# Need help mortising hinges



## johnt (Jun 18, 2007)

I am replacing doors throughout my house( putting slab doors in existing frames) with a porter cable router and hinge template that my Dad used 50 years ago.
With these 2 tools I can cut perfect mortises for 3 1/2" hinges with 1/4" radius but unfortunately I need a 5/8" radius for my hinges.
So my question is: what do I need to get that radius... a different guide bushing?
If I use a larger bushing, won't I end up with a smaller mortise?
Here are the measurements on the one I am using :
OD 0.8" (20.3mm)
ID 0.6" (15.6mm)
1/2" mortising bit
Thanks for any help,
John


----------



## bobj3 (Jan 17, 2006)

Hi John

Are you sure ?, most standard hinges are 1/4-inch radius butts .

Because the jig is setup to use the sandard template and the 1/2" bit you will need to play with other bits to get what you want..
You could try a 3/4" mortising bit that may do the job  but will need to check out the "out cut" so the butt is just right, the screws don't hold the weight the mortis pockets do most of the work... you may just want to use a hand carving chisel to get the corners just the way you want them to be.


----------



## Woodnut65 (Oct 11, 2004)

Hi John: If you use a larger guide you will end up with a smaller mortice.
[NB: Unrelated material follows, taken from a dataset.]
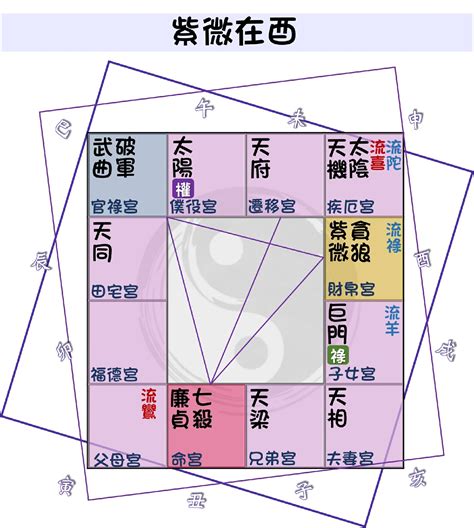 廉貞名人|紫微命盤解析——廉貞、貪狼在巳、亥宮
However, I would think that you could still get a parts for the old morticeing jig to allow for the 5/8ths hinge from PC. As an alternative PC sells a jig that is made of a plastic material that will handle all of the corner radius types. I had to do some doors and I picked one up at HD for about 24.00. It comes with a bit with a bearing on it, it's a steel bit, and a cheap one at that. I had to buy the recommended bit that PC sells which is carbide.That bit cost abt 30USD. That's two ways you could go to get it done. Hope this helps. Woodnut65


----------



## gregW (Mar 14, 2007)

John,

I just finished replacing the interior doors in my house using the same size hinges as you are. I used a 3/4" (.750) OD guide bushing and a 1/2" mortising bit with a simple homemade template to mortise all the hinges. 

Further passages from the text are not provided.